Delmer’s team could hack into his official Nazi news items, either as a perfect cover or to bend them for their own disruptive purposes. Accurate reports of damage on specific streets and neighbourhoods following air raids was cleverly mixed on air with heart-rending descriptions of the widespread deaths of women and children.
News items about disease, mutilation and rats were transmitted. These demoralising stories, allegedly from the civilian home front, were often followed by fantasy stories of a better life for soldiers who had surrendered, deserted and were earning good money in neutral countries.
Another Delmer radio station was influential when the Allies invaded Europe in June 1944. Its broadcasts helped sap the morale of German troops defending the Normandy coast, even encouraging slacking by announcing: “Units which show themselves smart and efficient are drafted to the Eastern Front. Promotion in France is a sure way to death in Russia.”
After the war Delmer became chief foreign correspondent for the Daily Express and for 15 years ­covered most top stories.

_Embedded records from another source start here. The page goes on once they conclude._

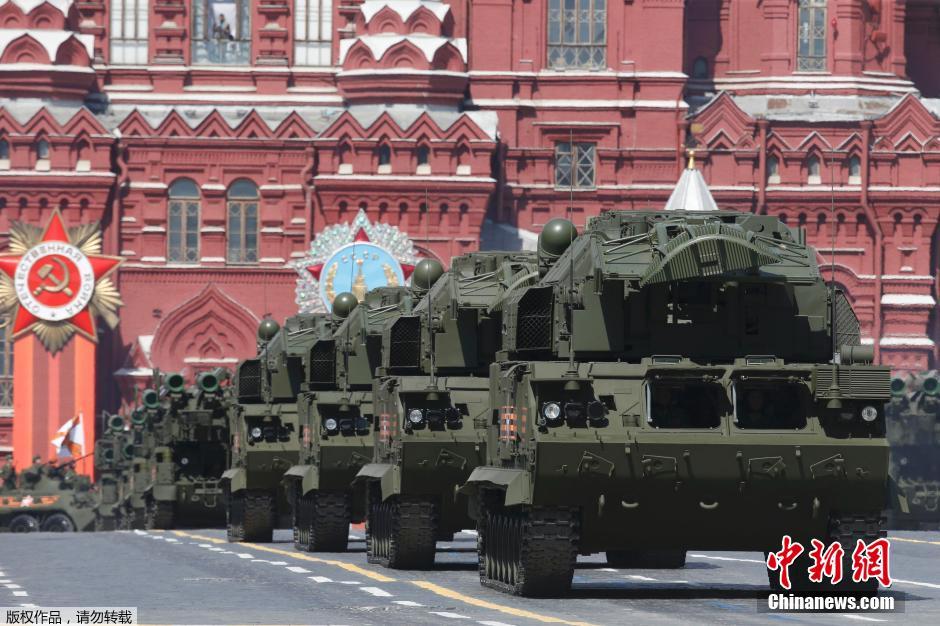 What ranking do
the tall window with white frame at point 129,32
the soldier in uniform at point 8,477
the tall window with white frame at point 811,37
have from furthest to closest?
the tall window with white frame at point 811,37, the tall window with white frame at point 129,32, the soldier in uniform at point 8,477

War correspondent Ronald Payne recalls: “I ran into him in 1956 during the Suez Crisis when Colonel Nasser took the canal and Delmer’s introduction on his story referred to Nasser as ‘this third-rate imitation Hitler of the Nile’.”
Delmer was allegedly booted out of Egypt. In 1959 he fell out with Beaverbrook and retired to his Essex farm where he wrote various books, including an account of his wartime work.
While he might never have fired a shot in anger, Delmer’s ingenious duping of the Nazis played an invaluable part in the Allies’ victory.